I am not a Native American, my roots were transplanted here from Africa, but both of us have been thrown into the fire of American oppression. My own oppression has been built into and onto their system of oppression due to the functioning of America as a settler colony. Land stolen without the trading of deeds, through conquest and war, all in the name of a manifest destiny, relegating the descendants of those who taught their grandfathers and great grandfathers how to survive the coldest and harshest winters to mere corners of the land they once roamed. In addition, the same land which was bought and paid for with the blood of 100 million Natives was used to forcibly contain Africans on when the White settler colonialists discovered that the Native Americans could not withstand the long hours in the sun and the harsh labor. Into America and out of Africa they brought human chattel to work this land they did not justifiably obtain, but kept with force while subjugating its former inhabitants to slave quarter accommodations.
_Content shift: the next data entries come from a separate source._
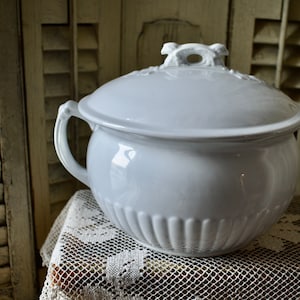 Peut inclure: Pot de chambre en céramique blanche avec un couvercle et une poignée décorative. Le pot a un design cannelé et est posé sur une nappe en dentelle blanche.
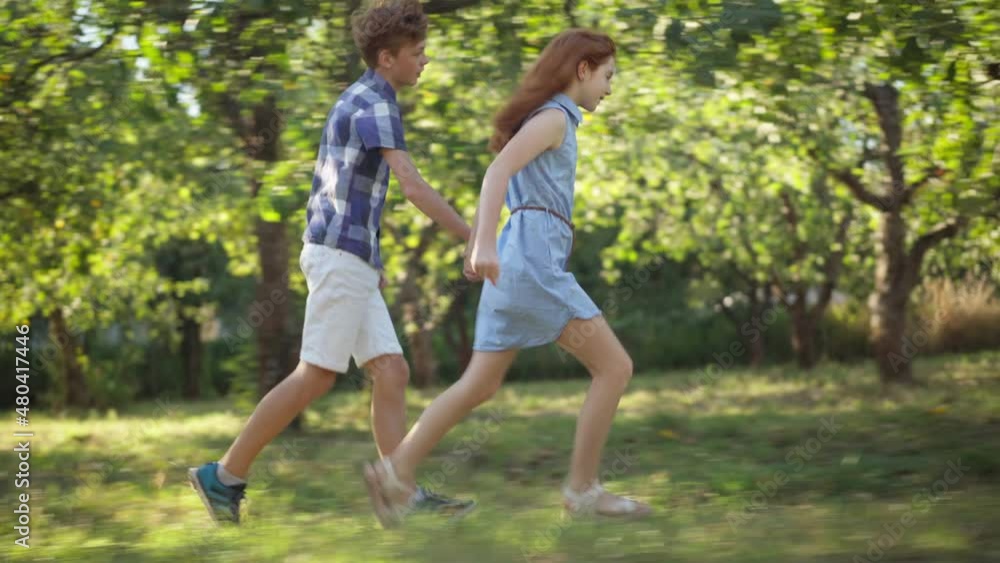 Side view wide shot happy loving teenage couple holding hands running in sunshine outdoors. Tracking shot Caucasian redhead boy and girl having fun dating in spring summer park. First love and joy Side view wide shot happy loving teenage couple holding hands running in sunshine outdoors. Tracking shot Caucasian redhead boy and girl having fun dating in spring summer park. First love and joy
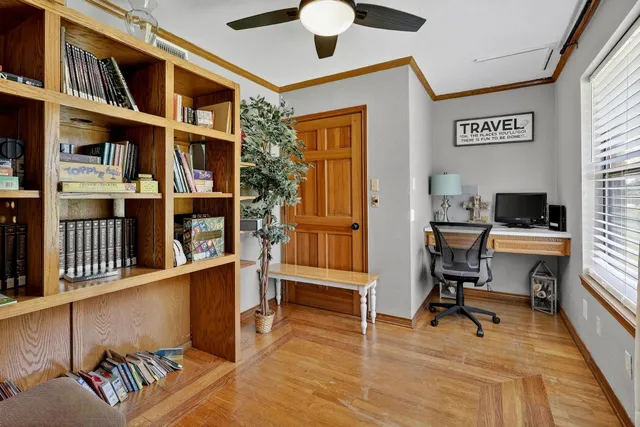 a view of a workspace with furniture and a book shelf
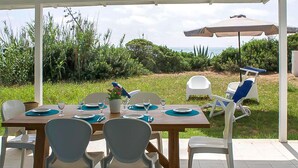 Un espace de restauration en plein air avec une table en bois prévue pour quatre personnes, entourée de chaises blanches.
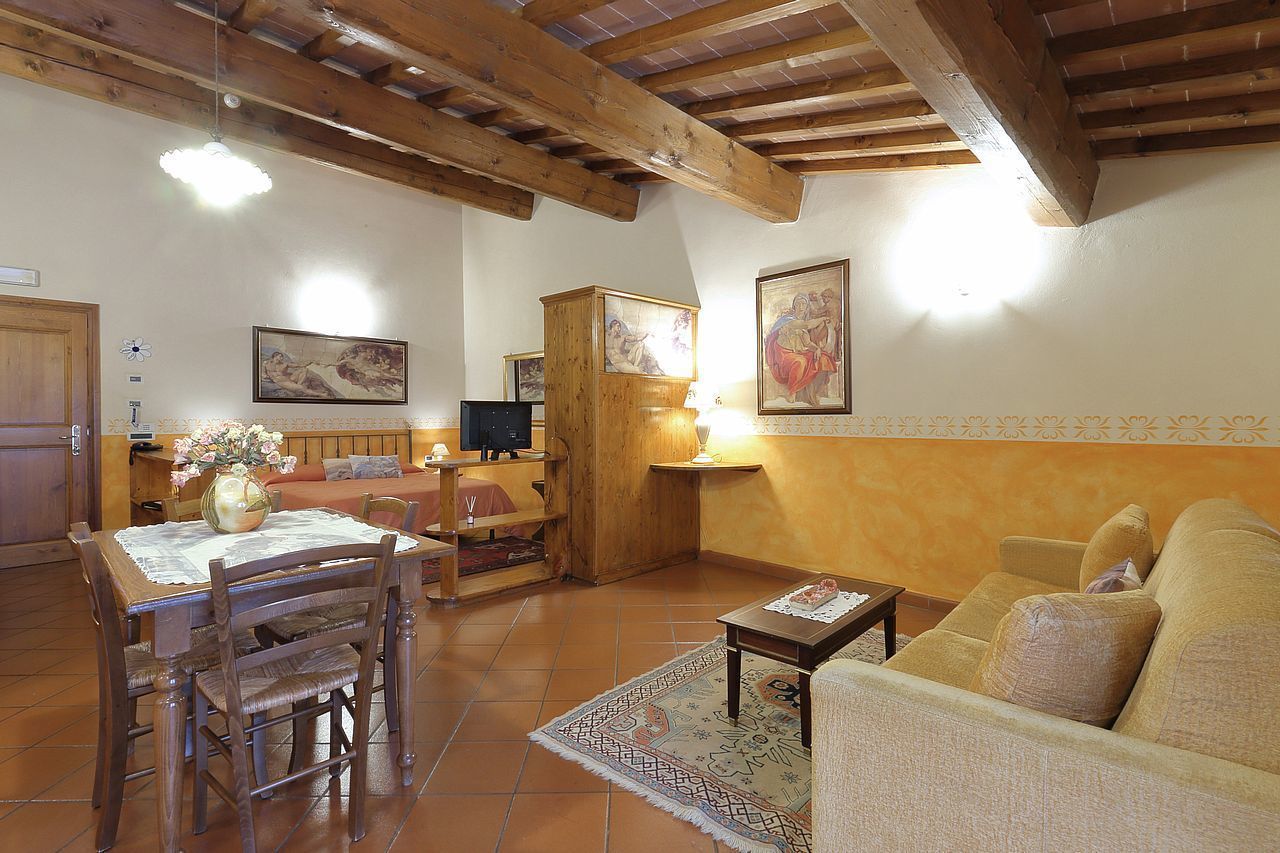A cozy living room with a wooden ceiling, a dining area with a table and chairs, and a sofa.
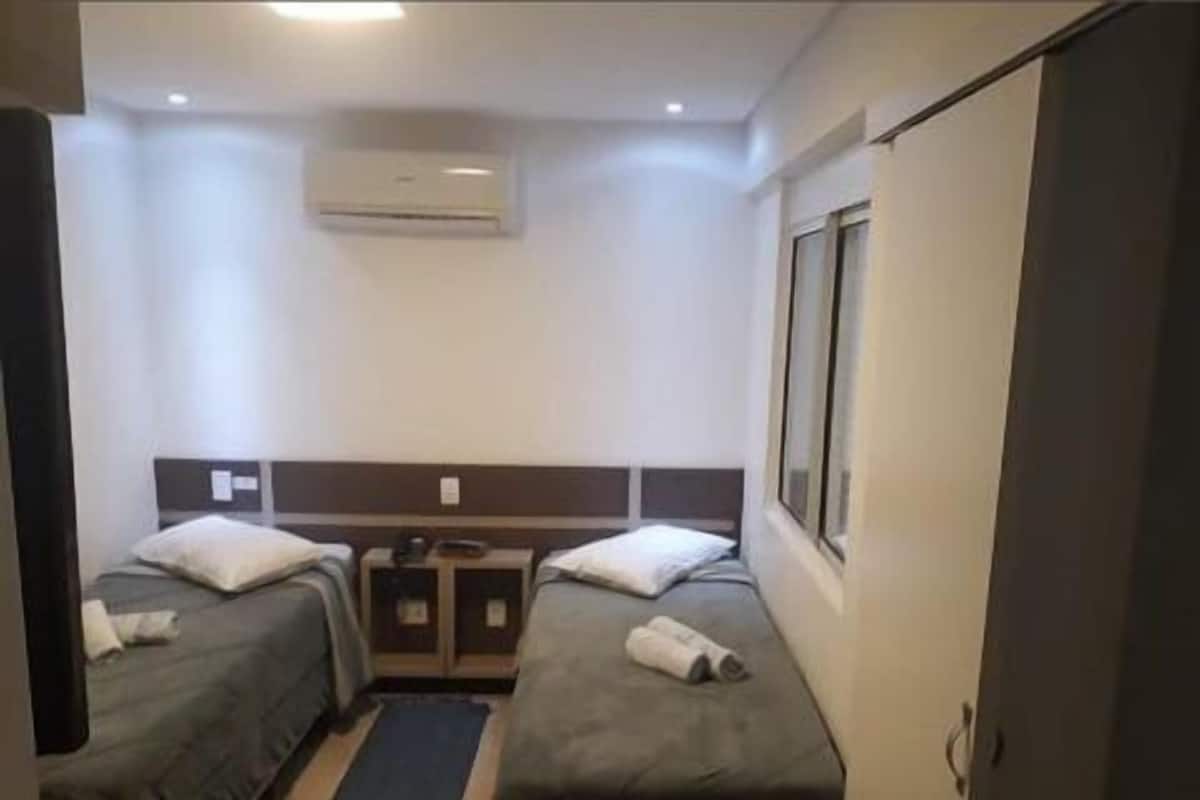 Une chambre d’hôtel avec deux lits simples, une petite table, une chaise, un appareil de climatisation et une fenêtre.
This is the American legacy I’m certain that they gloss over in textbooks or offhandedly refer to it as the “Trail of Tears” without even so much as an acknowledgement of the brutality involved in the massacre of humans for land rights; a land grab which the American government had no actual basis for other than that these indigenous people were in the way of their assumed destiny.

That was the distant past injustice, today the injustice is that there are many Native American tribes who are not officially recognized and who have unjustly had their most sacred lands stolen from them by the United States government, as if it has not already taken more than enough from the Native population. There are legal disputes in several states brought by the Native tribes, some involve the poisoning of their water supplies by corporations, some involve corruption charges of local tribe governors which can be seen as an offshoot of the poverty in many Native communities, some involve the theft of land which Natives consider sacred and it is here where I wish to pause. America’s government has already stolen land, killed people, and essentially created humane concentration camps for Native Americans, but somehow these injustices are not enough. American politicians want to perpetuate the most heinous slap in the face that they can of these communities, to essentially tell them that their sacred lands are not as important as the National Parks are to the American government. Remember that standoff in Oregon? That land is Native land and it doesn’t even belong to the Bundy bunch that attempted to take over a federal building. That land doesn’t even belong to the federal government. That is Native land which has become a staging ground for White Libertarians, who in a rather ironic twist would not be able to make these claims of government oppression were both they and the government who they fight with not directly responsible for the oppression of the Native Americans.

Now, as oppressed people in America, we understand the police brutality and the over policing and the increasing militarization of these forces that Native Americans face. We share that common oppression. What is less clear to us is the way in which we indirectly have profited from the way that America has operated its settler colonialism. We have access to land, land that was not ours and truthfully is still not ours. We are occupying Native land which was stolen. In truth, we are no better than the American government who stole this land from Natives in the first place. It’s a complicated truth, it’s a messy truth, but it is nonetheless the truth. However, if we are to create a lasting change that will address the massive injustices of both the past and present America then we must understand that a demand for true and real reparations must be paid to both African Americans and Native Americans. Land, political power, autonomy, income levels, ending systemic and structural racism and the occupation and sale of tribal/Native/sacred lands must end. These are not radical demands or demands which shouldn’t be considered seriously when America in general has vastly profited from the enacting of all of these evils over generations while robbing us of both resources and opportunity. There is a debt to be paid, and if America is really seriously interested in ensuring that all of its citizens receive justice, then it must start by restoring equity to those who were most deprived of it during its history. If America is not interested in justice, then it deserves destruction, because you cannot have a country that wants to police the world, but cannot even be trusted to police and rectify its own bloody history.